> For those reasons, the cull function can't work on the output string:
> it needs to analyse the nested structure before collapsing to identify 
> "adjacent"
> punctuation. With content strings, delimiters and affixes in the mix,
> it's pretty hair-raising.

W3C specifications often include pseudo-algorithms that
implementations should follow.
Perhaps it would make sense to try and do the same in the CSL spec?

Regards,
Rob.

On 21 September 2012 10:22, Frank Bennett <[email protected]> wrote:
> On Fri, Sep 21, 2012 at 4:16 PM, Rönkkö Mikko <[email protected]> wrote:
>> Hi
>>
>> Thanks for the response.
>>
>> On Sep 21, 2012, at 0:20 , Frank Bennett wrote:
>>
>>> On Fri, Sep 21, 2012 at 4:47 AM, Rönkkö Mikko <[email protected]> wrote:
>>>> Hi
>>>>
>>>> I decided to develop a simple CSL processor to convert Zotero json strings
>>>> to APA citations. The code will be used in ZotPad and after the processor
>>>> works, I will publish the code as a separate project in gihub.
>>>>
>>>> I am using json strings from Zotero server  as data and validating the
>>>> output against formatted citations from Zotero server. The citations are
>>>> formatted using the APA style from
>>>> https://github.com/citation-style-language/styles/blob/master/apa.csl using
>>>> the CSL 1.0.1 specification.
>>>>
>>>> I am using the following bibliography item as my test data
>>>>
>>>> Cadogan, J. W., & Lee, N. (Forthcoming). Improper Use of Endogenous
>>>> Formative Variables. <i>Journal of Business Research</i>.
>>>>
>>>> There is one thing that I do not understand. In the APA style (lines
>>>> 429-434) there is a group
>>>>
>>>>        <group delimiter=". ">
>>>>          <text macro="author"/>
>>>>          <text macro="issued"/>
>>>>          <text macro="title" prefix=" "/>
>>>>          <text macro="container"/>
>>>>        </group>
>>>>
>>>>
>>>> The macro "author" has a names element with initialize-with=". " and the
>>>> macro "issued" contains a group with prefix " (". Now to my understanding,
>>>> this means that
>>>>
>>>> - The "author" macro will end with ". "    [Cadogan, J. W., & Lee, N.]

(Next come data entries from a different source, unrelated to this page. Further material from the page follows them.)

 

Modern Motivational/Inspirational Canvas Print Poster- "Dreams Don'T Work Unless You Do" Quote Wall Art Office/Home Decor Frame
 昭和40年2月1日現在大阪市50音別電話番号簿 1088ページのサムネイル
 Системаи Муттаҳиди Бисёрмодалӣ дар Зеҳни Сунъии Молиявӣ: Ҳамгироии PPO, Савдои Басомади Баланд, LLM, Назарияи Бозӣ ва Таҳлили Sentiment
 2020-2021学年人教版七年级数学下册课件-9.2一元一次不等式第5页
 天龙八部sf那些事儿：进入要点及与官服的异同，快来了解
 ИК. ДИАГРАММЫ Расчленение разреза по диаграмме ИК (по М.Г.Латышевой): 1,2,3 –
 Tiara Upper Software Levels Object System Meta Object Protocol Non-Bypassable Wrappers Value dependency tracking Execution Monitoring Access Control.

>>>> - The "issued" macro will start with " ("   [ (Forthcoming)]
>>>> - The macros are delimited with ". "
>>>>
>>>> This results in a bibliographic item that starts by
>>>>
>>>> Cadogan, J. W., & Lee, N..  (Forthcoming).
>>>>
>>>> This is obviously not correct. There should not be a double period followed
>>>> by a double space, but I do not understand which part of the formatting
>>>> logic is incorrect.
>>>>
>>>> Mikko
>>>
>>> Mikko,
>>>
>>> Below I've assumed that the output is from your project code. If I
>>> have it backwards, let me know.
>>
>> You are correct.
>>
>> The problem was that my implementation produces incorrect bibliography items 
>> even though the implementation follows the CSL specification. (Or a subset 
>> of the CSL specification, that is sufficient to produce bibliography items 
>> in the APA style). I did not know that strictly following the specification 
>> will not result in correct formatting, but the processor needs to "be smart" 

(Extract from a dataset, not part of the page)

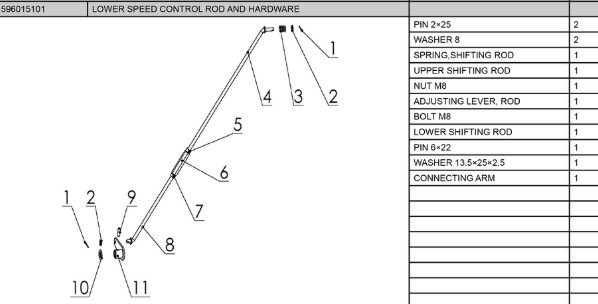 LOWER SPEED CONTROL ROD AND HA i gruppen hos GPLSHOP (5960151-01)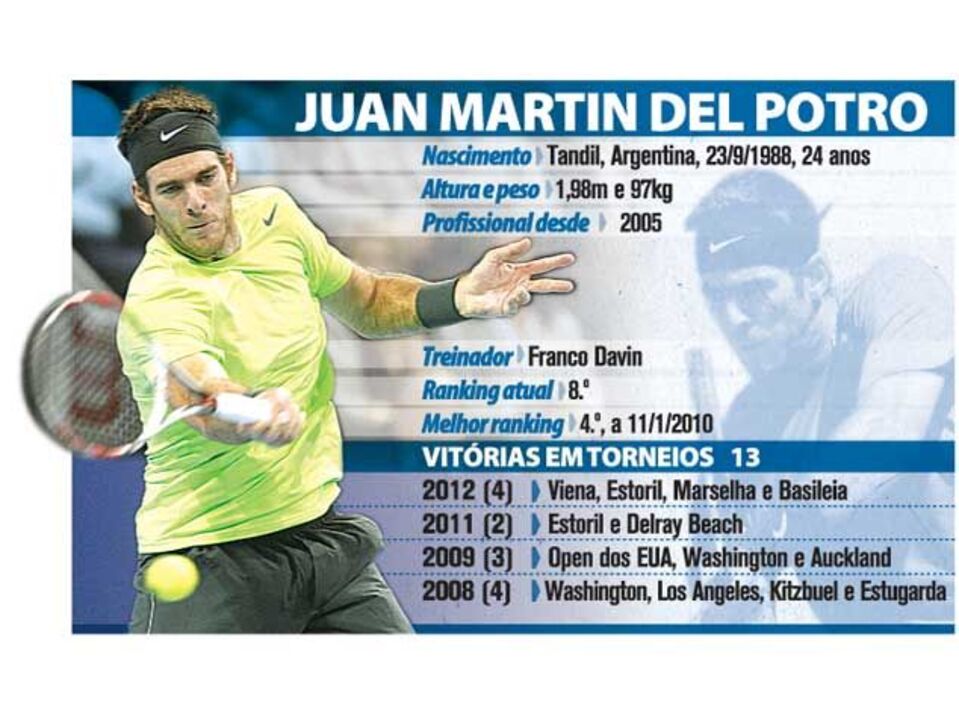 Del Potro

>> about spaces and punctuation. I could not find this in the documentation. 
>> But now that I know this, it should not be difficult to fix.
>>
>> I posted my code to https://github.com/mronkko/CSLProcessor
>>
>> At this point the goal is to format single citations and single bibliography 
>> items using the APA style. In the future I may make it more generic.
>>
>> Mikko
>
> This may be more distraction than you need at this point, but just in case ...
>
> There is a set of test fixtures covering space-suppression in the
> citeproc-js sources (scroll down to the fixtures prefixed with
> "spaces_"):
>
>   
> https://bitbucket.org/fbennett/citeproc-js/src/5cc7cff350ee/tests/fixtures/local
>
> I didn't put the tests into the main test suite, because the
> discussion I linked above was inconclusive about whether it would be
> appropriate to recognise space-suppression in the official
> specification. The main test suite is here:
>
>   https://bitbucket.org/bdarcus/citeproc-test
>
> The future of CSL processor testing probably lies in work by Sylvester
> Keil, which is here:
>
>   https://github.com/citation-style-language/test-suite
>
> (The repository above hasn't been updated in awhile, but Sylvester
> recently indicated that there will be activity there once he has
> reached a milestone in his current work on citeproc-ruby.)
>
> Frank
>
>>
>>
>>>
>>> You have the logic right. That's the literal result you will get from
>>> flattening the structure without anything more:
>>>
>>>  [author ending in "."] + ". "{delimiter} + " ("{prefix} + [issued]
>>>
>>> Double punctuation needs to be culled by the processor. It's a little
>>> tricky, since formatting (italics etc) might lie between the two
>>> periods, depending on the style. There is also potential interaction
>>> with quote marks, depending on whether or not the style has
>>> punctuation-in-quotes set true or false. For those reasons, the cull
>>> function can't work on the output string: it needs to analyse the
>>> nested structure before collapsing to identify "adjacent" punctuation.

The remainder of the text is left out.